The right architecture follows the data — each concern picks its own update mechanism and subscriber model. Forcing all of it through one Context is what makes dashboards feel sluggish. The framework prompt is 'how do you keep concerns independent so updates don't cascade'.

Follow-up questions

  • When would you switch from polling to WebSockets?
  • Why use Zustand selectors over Context for notifications?
  • How do you avoid cascading re-renders when many concerns update independently?

Common mistakes

  • Single context with all dashboard state — every update re-renders everyone.
  • Polling everything at the same interval, regardless of need.
  • Storing server state in client state libs — duplicates and stales.
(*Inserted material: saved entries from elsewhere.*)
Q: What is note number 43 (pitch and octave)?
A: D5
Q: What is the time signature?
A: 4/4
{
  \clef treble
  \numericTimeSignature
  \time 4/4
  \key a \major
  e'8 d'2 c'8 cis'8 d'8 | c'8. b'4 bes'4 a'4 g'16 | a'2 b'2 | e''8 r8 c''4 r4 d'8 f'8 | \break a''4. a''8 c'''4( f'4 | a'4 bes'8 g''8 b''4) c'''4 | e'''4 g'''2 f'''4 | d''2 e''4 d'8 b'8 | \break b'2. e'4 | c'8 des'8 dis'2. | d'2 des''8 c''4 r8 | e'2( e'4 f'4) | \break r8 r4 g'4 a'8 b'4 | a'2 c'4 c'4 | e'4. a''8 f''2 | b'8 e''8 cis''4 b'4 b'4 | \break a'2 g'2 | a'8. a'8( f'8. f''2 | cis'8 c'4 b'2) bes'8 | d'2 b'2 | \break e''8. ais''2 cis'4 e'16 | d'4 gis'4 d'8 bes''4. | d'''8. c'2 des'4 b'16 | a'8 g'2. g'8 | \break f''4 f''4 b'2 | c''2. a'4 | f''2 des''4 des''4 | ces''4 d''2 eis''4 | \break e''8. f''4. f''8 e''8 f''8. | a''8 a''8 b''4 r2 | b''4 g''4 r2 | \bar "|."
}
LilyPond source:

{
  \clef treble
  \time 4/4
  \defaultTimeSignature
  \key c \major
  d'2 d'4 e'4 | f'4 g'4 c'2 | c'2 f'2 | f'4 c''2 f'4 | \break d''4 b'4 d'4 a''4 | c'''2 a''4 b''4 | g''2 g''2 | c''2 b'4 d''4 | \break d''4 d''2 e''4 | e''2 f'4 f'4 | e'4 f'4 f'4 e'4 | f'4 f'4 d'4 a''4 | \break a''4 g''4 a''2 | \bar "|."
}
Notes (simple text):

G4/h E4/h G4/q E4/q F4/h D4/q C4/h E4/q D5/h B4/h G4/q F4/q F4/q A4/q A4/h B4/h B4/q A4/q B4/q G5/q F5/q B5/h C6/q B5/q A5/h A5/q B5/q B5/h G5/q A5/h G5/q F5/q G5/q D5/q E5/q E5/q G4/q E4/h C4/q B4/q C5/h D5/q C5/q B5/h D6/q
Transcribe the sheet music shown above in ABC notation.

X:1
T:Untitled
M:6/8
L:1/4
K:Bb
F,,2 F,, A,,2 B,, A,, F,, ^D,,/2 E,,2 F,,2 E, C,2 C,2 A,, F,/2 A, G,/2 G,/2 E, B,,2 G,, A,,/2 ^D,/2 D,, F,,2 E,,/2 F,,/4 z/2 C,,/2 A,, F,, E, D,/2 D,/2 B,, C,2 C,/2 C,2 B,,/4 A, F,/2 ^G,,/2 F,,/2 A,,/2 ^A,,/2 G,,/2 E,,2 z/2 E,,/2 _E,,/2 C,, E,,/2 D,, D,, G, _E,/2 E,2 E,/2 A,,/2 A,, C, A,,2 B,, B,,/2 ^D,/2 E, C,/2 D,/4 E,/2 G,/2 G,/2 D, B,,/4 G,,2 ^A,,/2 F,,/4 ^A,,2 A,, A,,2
Performance considerations

  • Independent subscriptions keep re-render scope small. Polling every 30s for 5 charts is 10 requests/min — fine. Polling every 1s is 300/min — usually too much; switch to WS. Selectors prevent cascade re-renders even when state is large.

Edge cases

  • Tab not visible: pause polling to save battery (refetchOnWindowFocus).
  • WebSocket reconnect: queue missed updates and replay.
  • Notification spam: rate-limit on the client.

Real-world examples

  • Stripe Dashboard, Vercel Analytics, Linear inbox, Datadog monitoring. All independent panels with their own data sources, sharing only auth/theme via Context.

Senior engineer discussion

Senior framing: dashboards are coordination problems. The right answer isn't 'use library X' but 'each concern gets its own subscriber model'. Polling is fine for slow data; WebSocket for real-time; SSE for one-way streams; React Query for caching. Compose, don't homogenize.